■ Stored data:
◆ ◆ ◆
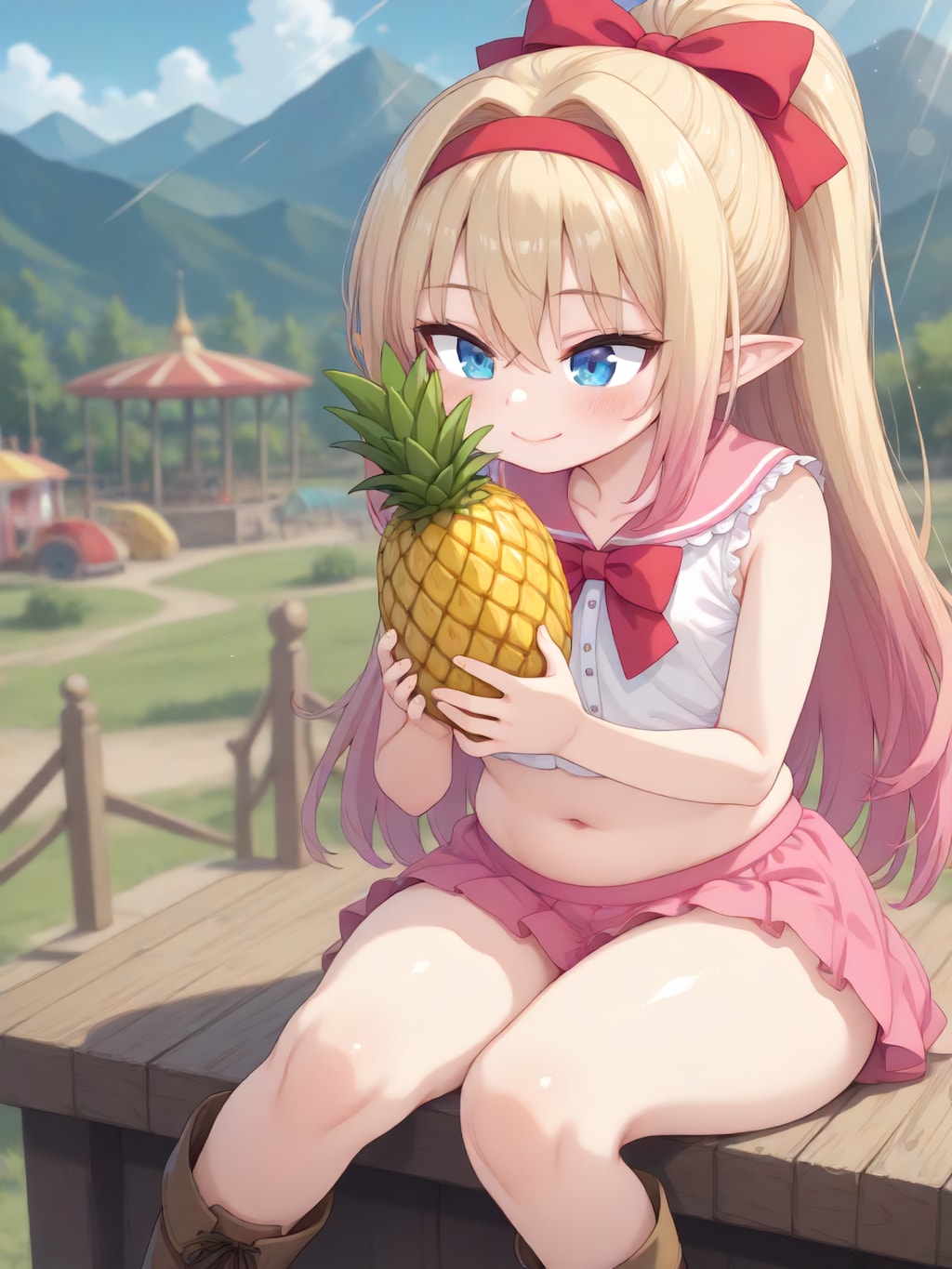 最近のエルフまとめ25年8月中旬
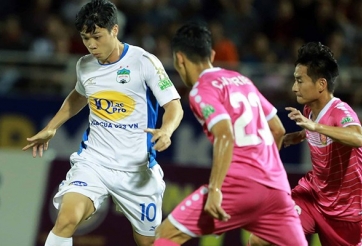 Thầy Park lo lắng với Công Phượng và Tiến Dũng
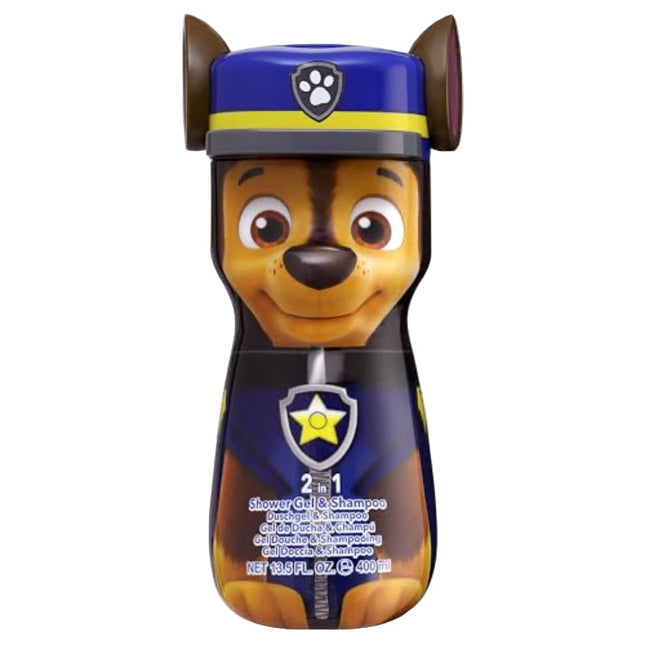 Paw Patrol Shower Gel and Shampoo 2 in 1 400ML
◆ ◆ ◆
■ Problem statement: When you write out the data, keep every line exact and drop the pictures.

■ Output of the task:
 最近のエルフまとめ25年8月中旬
 Thầy Park lo lắng với Công Phượng và Tiến Dũng
 Paw Patrol Shower Gel and Shampoo 2 in 1 400ML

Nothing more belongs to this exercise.